THE STONING OF SORAYA M.

by Freidoune Sahebjam

Pub Date: Jan. 1st, 1994
ISBN: 1-55970-233-8
Publisher: Arcade

An indelible retelling—implacable, elegiac, simmering with moral outrage—of the stoning to death of an Iranian woman falsely accused of adultery. In the fall of 1986, Sahebjam—an Iranian journalist who'd been kidnapped and beaten by pro-Khomeini terrorists in Paris- -sneaked into Iran to investigate conditions. In the isolated village of Kupayeh, an old woman beckoned him aside and told him that, two weeks before, her niece, Soraya M., had been executed by stoning.

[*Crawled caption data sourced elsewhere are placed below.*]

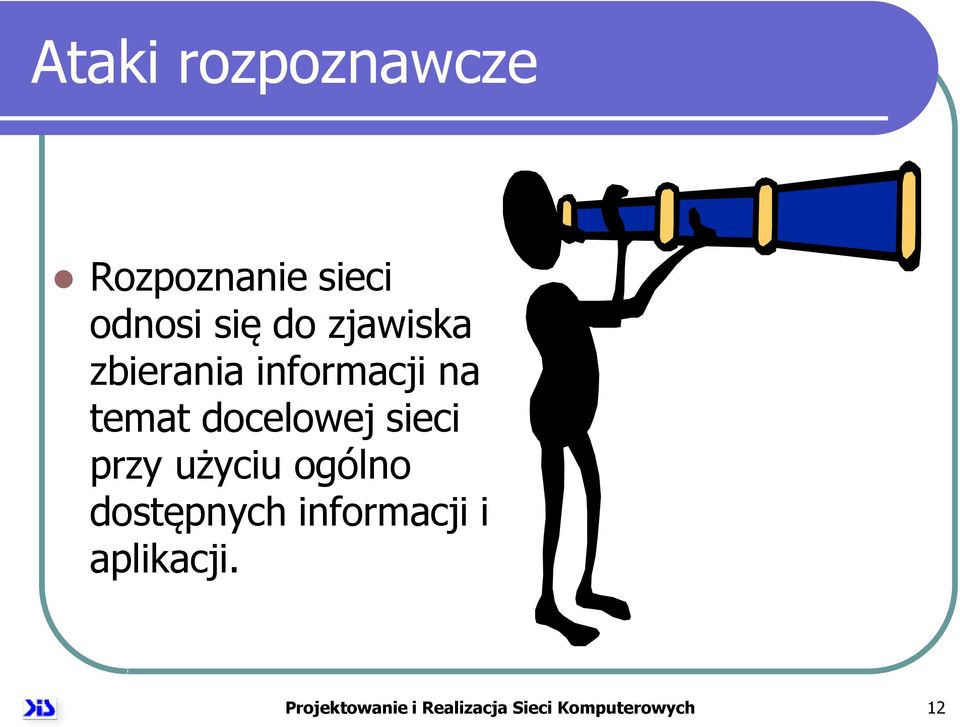 sieci przy użyciu ogólno dostępnych informacji i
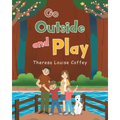 Go Outside and Play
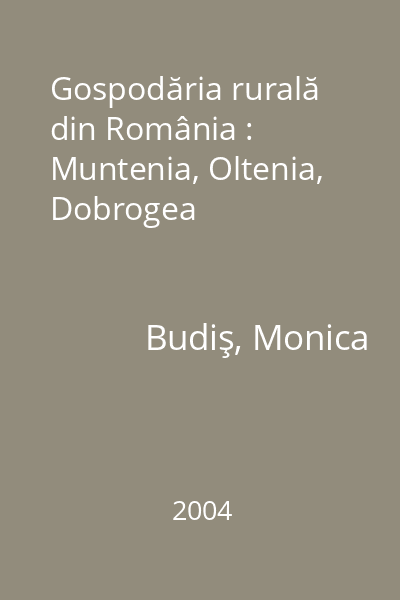 Gospodăria rurală din România : Muntenia, Oltenia, Dobrogea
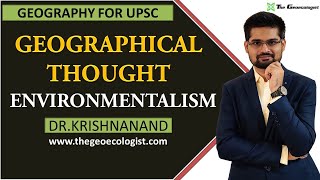 ENVIRONMENTALISM  Human Geography  By Dr Krishnanand [upl. by January]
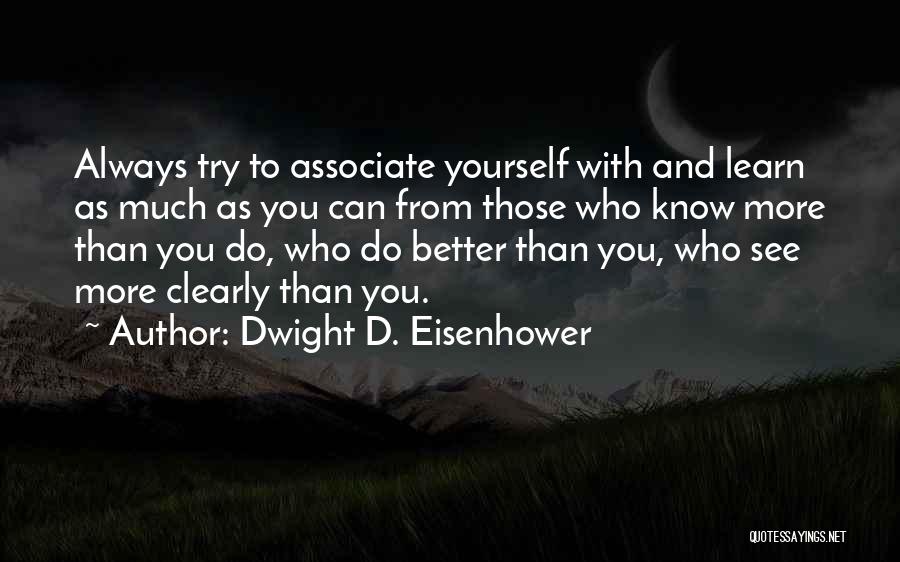 Associate Yourself With Quotes By Dwight D. Eisenhower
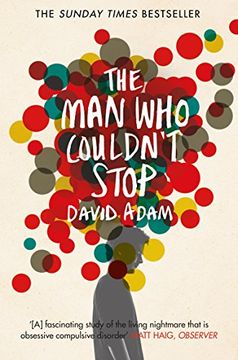 portada The Man Who Couldn't Stop: The Truth About OCD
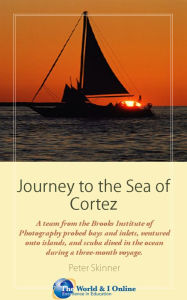 Title: Journey to the Sea of Cortez, Author: Peter Skinner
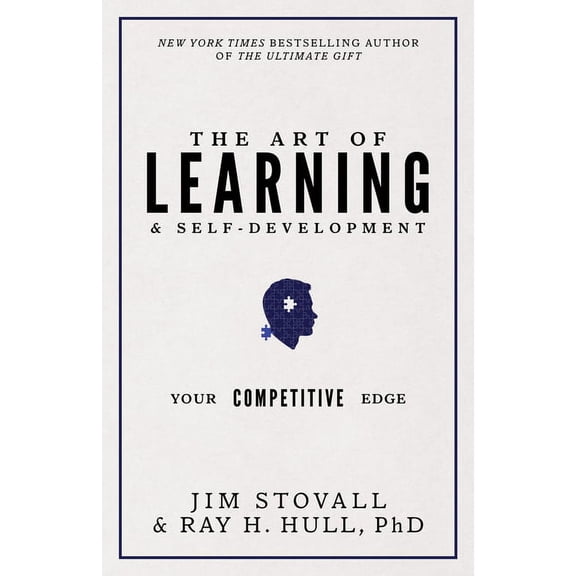 Your Competitive Edge The Art of Learning and Self-Development: Your Competitive Edge, (Paperback)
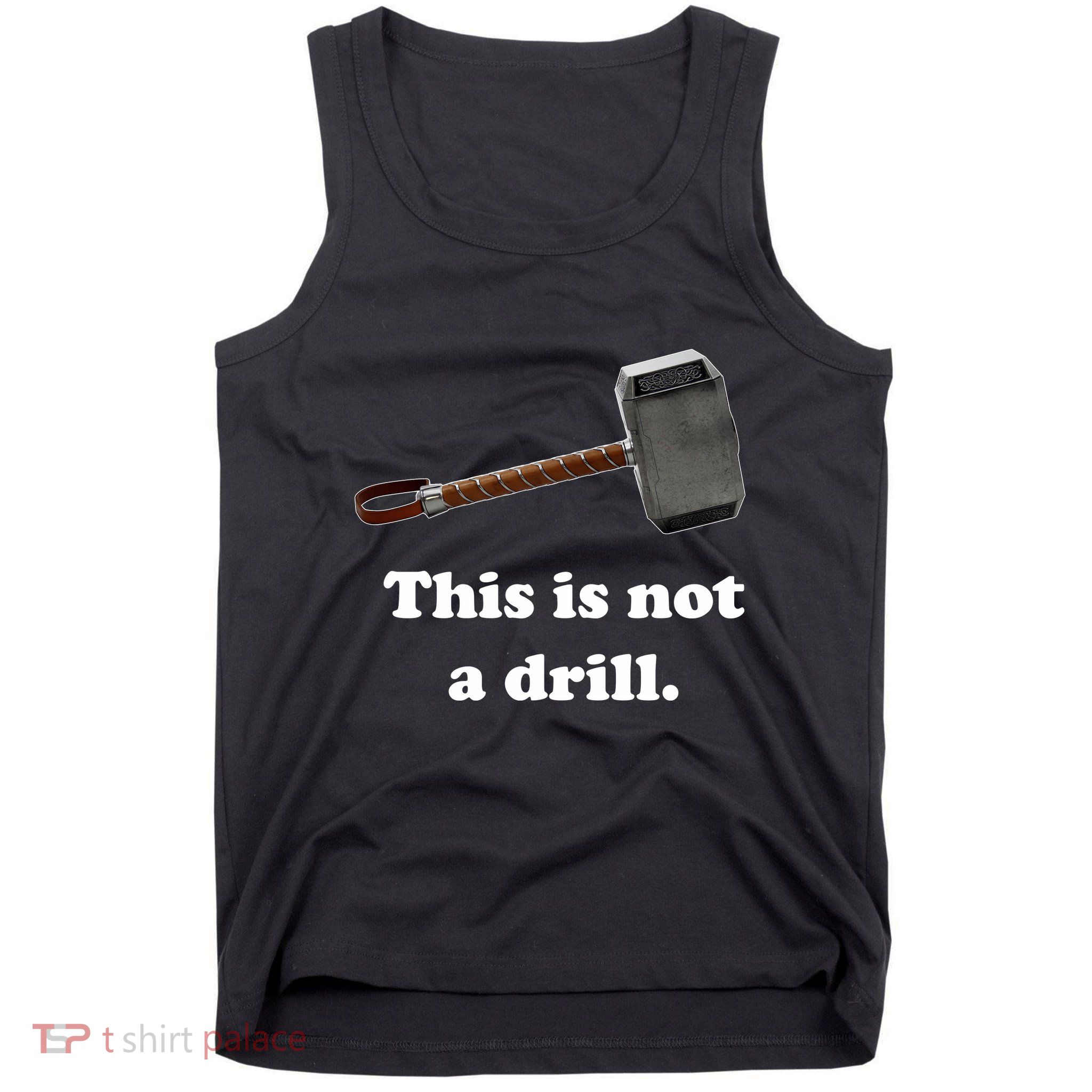 Hammer This Is Not A Drill Tank Top
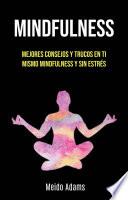 Libro Mindfulness: Mejores Consejos Y Trucos En Ti Mismo Mindfulness Y Sin Estrés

Here, after Sahebjam sets forth these facts, he tells Soraya's story, based on his interviews with the aunt, the village's mayor, and others: Though a faithful wife and devoted mother, Soraya, 35, was a lonely woman who kept to herself, in part because of her bad marriage to one Ghorban-Ali, a low-life who, aligning himself with Khomeini, had risen to power in the village even as he abused his wife, visited prostitutes, and carried on with a younger woman. Meanwhile, one Hassan Lajevardi, pederast and felon, had murdered a magistrate in a nearby city and fled to Kupayeh, where he took control of the town by posing as a mullah. But despite his clerical garb, Lajevardi made a pass at Soraya, which she rejected. Soon, Ghorban-Ali—who wished his wife gone— and the incensed Lajevardi began to plot. Roping other villagers into their scheme, they accused Soraya of adultery; as dictated by custom, the men of the village met and voted a sentence: death by stoning. As the villagers circled around her, Soraya was buried up to her shoulders. Her father threw the first stone; more flew until she died. The village women then laid Soraya at a nearby river, where, the following day, her aunt found the body savaged by dogs. She washed and buried the bones, and ``then, and only then, did she pray and burst into tears.'' An unforgettable indictment, brilliantly written and translated, of man's inhumanity to woman—and of tyranny disguised as righteousness.